- [What you will do]: Below are some records. Return exactly the lines from the one containing "Profil de Ottavio, 27" through the one containing "Gorgeous black long studded crystal dress", both included, and only those.
====
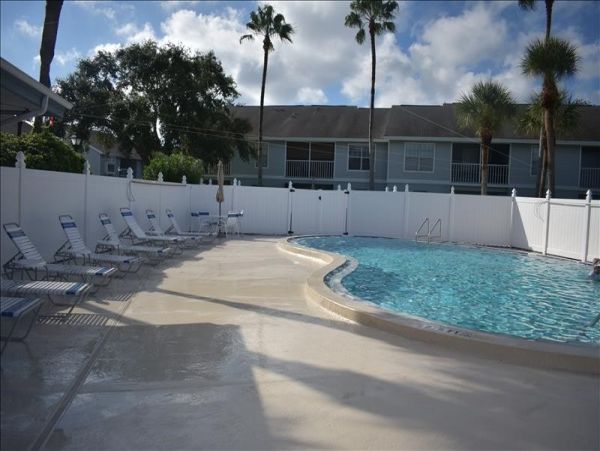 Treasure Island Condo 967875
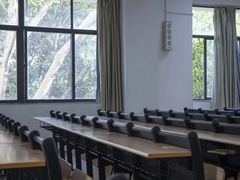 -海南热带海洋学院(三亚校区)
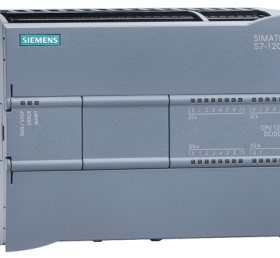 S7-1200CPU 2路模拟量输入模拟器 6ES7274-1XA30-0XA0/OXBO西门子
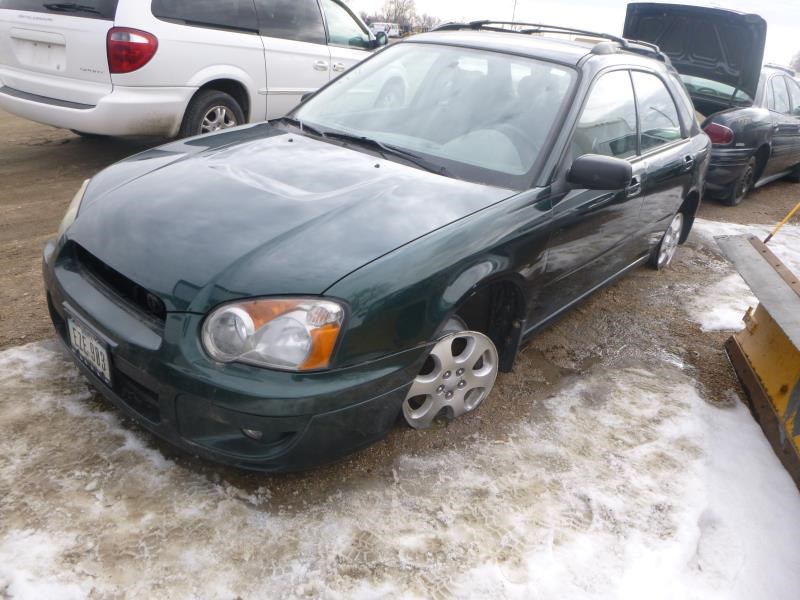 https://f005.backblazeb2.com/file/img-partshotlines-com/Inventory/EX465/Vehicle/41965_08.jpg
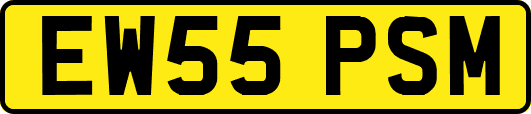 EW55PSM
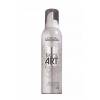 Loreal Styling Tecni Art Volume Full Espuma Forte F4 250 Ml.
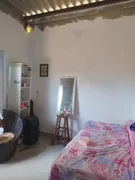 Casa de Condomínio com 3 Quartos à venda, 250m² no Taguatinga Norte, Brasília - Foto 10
====
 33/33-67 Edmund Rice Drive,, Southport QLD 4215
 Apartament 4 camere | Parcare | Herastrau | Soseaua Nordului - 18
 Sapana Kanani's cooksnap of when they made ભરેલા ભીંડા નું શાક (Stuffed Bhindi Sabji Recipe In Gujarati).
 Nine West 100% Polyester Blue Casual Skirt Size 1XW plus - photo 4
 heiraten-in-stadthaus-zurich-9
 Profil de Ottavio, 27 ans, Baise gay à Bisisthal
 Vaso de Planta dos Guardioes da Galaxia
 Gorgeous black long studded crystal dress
====
- [Written response]:
 Profil de Ottavio, 27 ans, Baise gay à Bisisthal
 Vaso de Planta dos Guardioes da Galaxia
 Gorgeous black long studded crystal dress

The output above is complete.